The Hollow Republic

I think Yuval Levin finally nails down what I was trying to say in my first take-down of Obama’s Roanoke speech:

The president simply equates doing things together with doing things through government. He sees the citizen and the state, and nothing in between — and thus sees every political question as a choice between radical individualism and a federal program.

But most of life is lived somewhere between those two extremes, and American life in particular has given rise to unprecedented human flourishing because we have allowed the institutions that occupy the middle ground — the family, civil society, and the private economy — to thrive in relative freedom.

This difference of opinion about mediating institutions is no trifling matter. It gets at a profound and fundamental difference between the Left and the Right. The Left tends to believe that the great advantage of our liberal society is that it enables the application of technical knowledge that can make our lives better, and that this knowledge can overcome our biggest problems. This is the technocratic promise of progressivism. The Right tends to believe that the great advantage of our liberal society is that it has evolved to channel deep social knowledge through free institutions — knowledge that often cannot be articulated in technical terms but is the most important knowledge we have. For the Left, therefore, the mediating institutions (and at times even our constitutional forms) are obstacles to the application of liberal knowledge. For the Right, the mediating institutions (and our constitutional forms) are the embodiment of liberal knowledge.

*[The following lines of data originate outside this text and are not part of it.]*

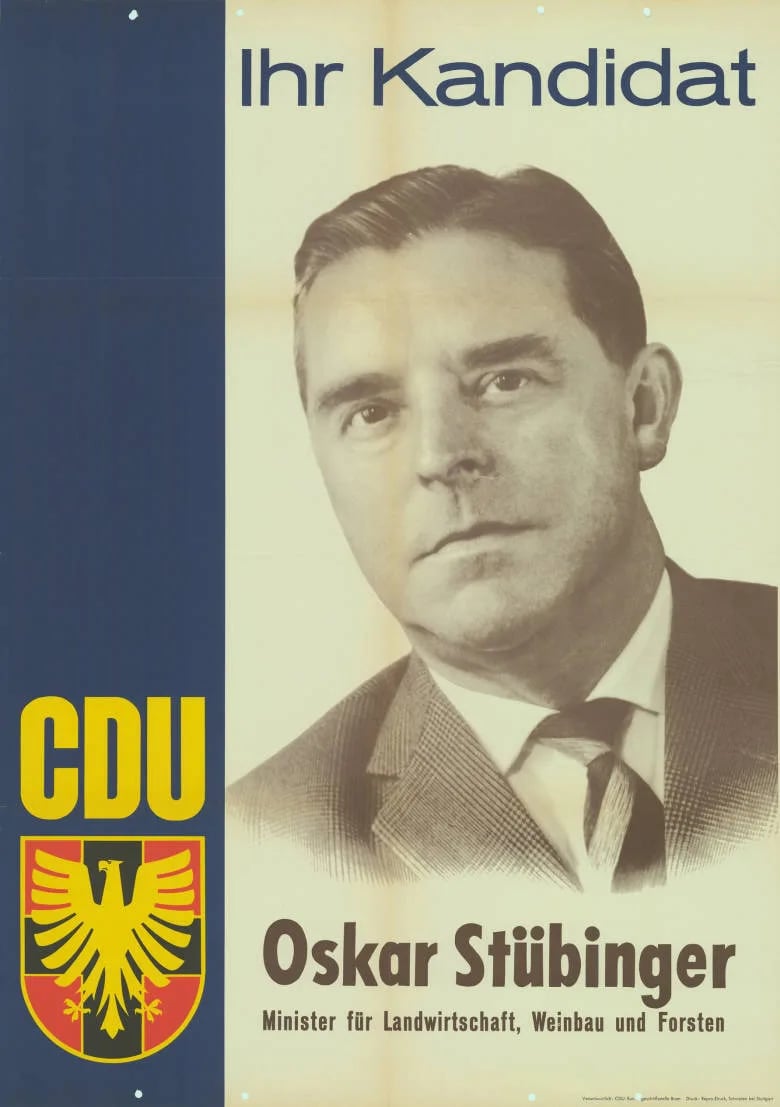 Porträt von Oskar Stübinger (1910–1988) – Gedenkseite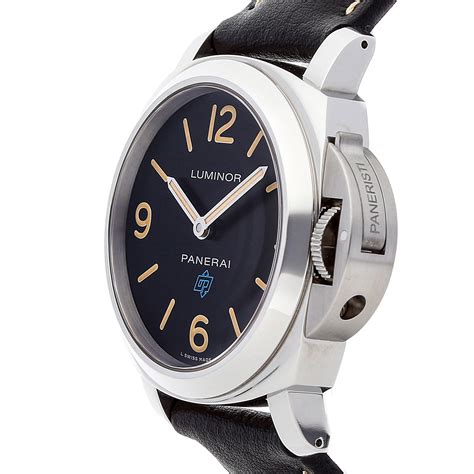 Officine Panerai Luminor Base Logo Acciaio Watch PAM634.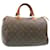 Louis Vuitton Monogram Speedy 30 Hand Bag M41526 LV Auth ac139 Cloth  ref.432758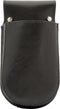 Xapron leren waiter holder - kleur Black (zwart)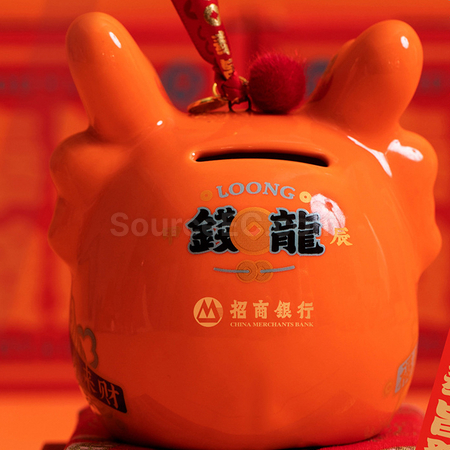 Customization Dragon Money Jar Promotional Products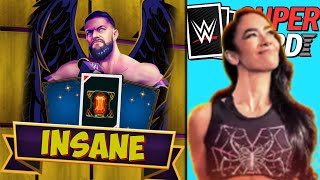DAY 1 EON LUCK WAS INSANE | WWE SUPERCARD @Bullfroggy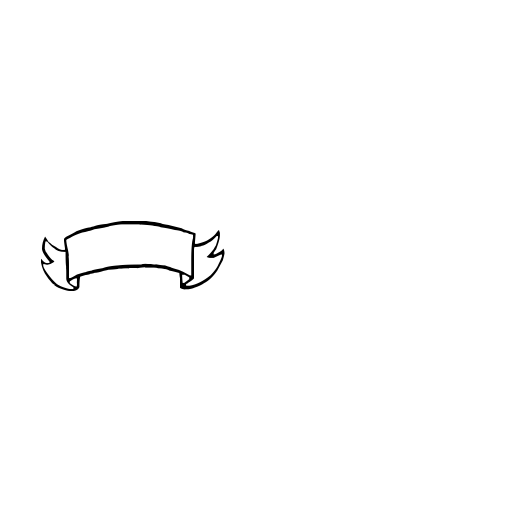 Black & White Banners Font preview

Go forth and read the whole thing!

The Hollow Republic

More from Bill Whittle

This one never made it to our blog, but I think it deserves some screen-time, just because it makes me giggle.

Halftime for Obama

You can sum up Obama’s term thus far with one word.

FAIL

And this one goes right to my comments from yesterday regarding American desire and its’ dissipation from our cultural fabric:

A Nation of Desire

If Whittle wanted to run for office, he’d have my vote…this guy is not only a brilliant debater and amongst the most confident and emotionally-controlled (yet emotionally driven) people I’ve ever seen speak…he’s also a throwback to a time when it was OK to love your country and be proud of all we’ve accomplished.